┏━━
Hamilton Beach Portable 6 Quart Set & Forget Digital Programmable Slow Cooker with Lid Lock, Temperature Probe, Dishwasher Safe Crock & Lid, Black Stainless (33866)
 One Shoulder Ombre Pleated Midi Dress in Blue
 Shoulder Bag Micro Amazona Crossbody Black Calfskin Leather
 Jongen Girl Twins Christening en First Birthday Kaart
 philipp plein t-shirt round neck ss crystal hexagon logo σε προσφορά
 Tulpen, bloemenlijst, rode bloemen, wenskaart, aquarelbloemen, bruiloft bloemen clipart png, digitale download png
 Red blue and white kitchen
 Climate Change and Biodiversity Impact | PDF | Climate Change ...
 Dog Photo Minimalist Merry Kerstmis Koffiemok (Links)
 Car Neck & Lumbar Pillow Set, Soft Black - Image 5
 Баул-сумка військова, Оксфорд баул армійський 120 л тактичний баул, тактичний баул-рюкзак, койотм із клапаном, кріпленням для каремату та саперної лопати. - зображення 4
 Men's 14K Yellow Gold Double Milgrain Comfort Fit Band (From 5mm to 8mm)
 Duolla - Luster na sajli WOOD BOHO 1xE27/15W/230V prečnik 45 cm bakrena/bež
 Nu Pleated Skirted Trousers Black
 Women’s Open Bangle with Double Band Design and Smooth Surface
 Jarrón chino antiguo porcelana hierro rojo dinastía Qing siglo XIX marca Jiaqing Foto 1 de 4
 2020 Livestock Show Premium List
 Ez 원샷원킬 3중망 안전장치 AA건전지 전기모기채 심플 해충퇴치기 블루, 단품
┗━━
● TRY IT
After reading the data above, return it verbatim in full.

● RESPONSE
Hamilton Beach Portable 6 Quart Set & Forget Digital Programmable Slow Cooker with Lid Lock, Temperature Probe, Dishwasher Safe Crock & Lid, Black Stainless (33866)
 One Shoulder Ombre Pleated Midi Dress in Blue
 Shoulder Bag Micro Amazona Crossbody Black Calfskin Leather
 Jongen Girl Twins Christening en First Birthday Kaart
 philipp plein t-shirt round neck ss crystal hexagon logo σε προσφορά
 Tulpen, bloemenlijst, rode bloemen, wenskaart, aquarelbloemen, bruiloft bloemen clipart png, digitale download png
 Red blue and white kitchen
 Climate Change and Biodiversity Impact | PDF | Climate Change ...
 Dog Photo Minimalist Merry Kerstmis Koffiemok (Links)
 Car Neck & Lumbar Pillow Set, Soft Black - Image 5
 Баул-сумка військова, Оксфорд баул армійський 120 л тактичний баул, тактичний баул-рюкзак, койотм із клапаном, кріпленням для каремату та саперної лопати. - зображення 4
 Men's 14K Yellow Gold Double Milgrain Comfort Fit Band (From 5mm to 8mm)
 Duolla - Luster na sajli WOOD BOHO 1xE27/15W/230V prečnik 45 cm bakrena/bež
 Nu Pleated Skirted Trousers Black
 Women’s Open Bangle with Double Band Design and Smooth Surface
 Jarrón chino antiguo porcelana hierro rojo dinastía Qing siglo XIX marca Jiaqing Foto 1 de 4
 2020 Livestock Show Premium List
 Ez 원샷원킬 3중망 안전장치 AA건전지 전기모기채 심플 해충퇴치기 블루, 단품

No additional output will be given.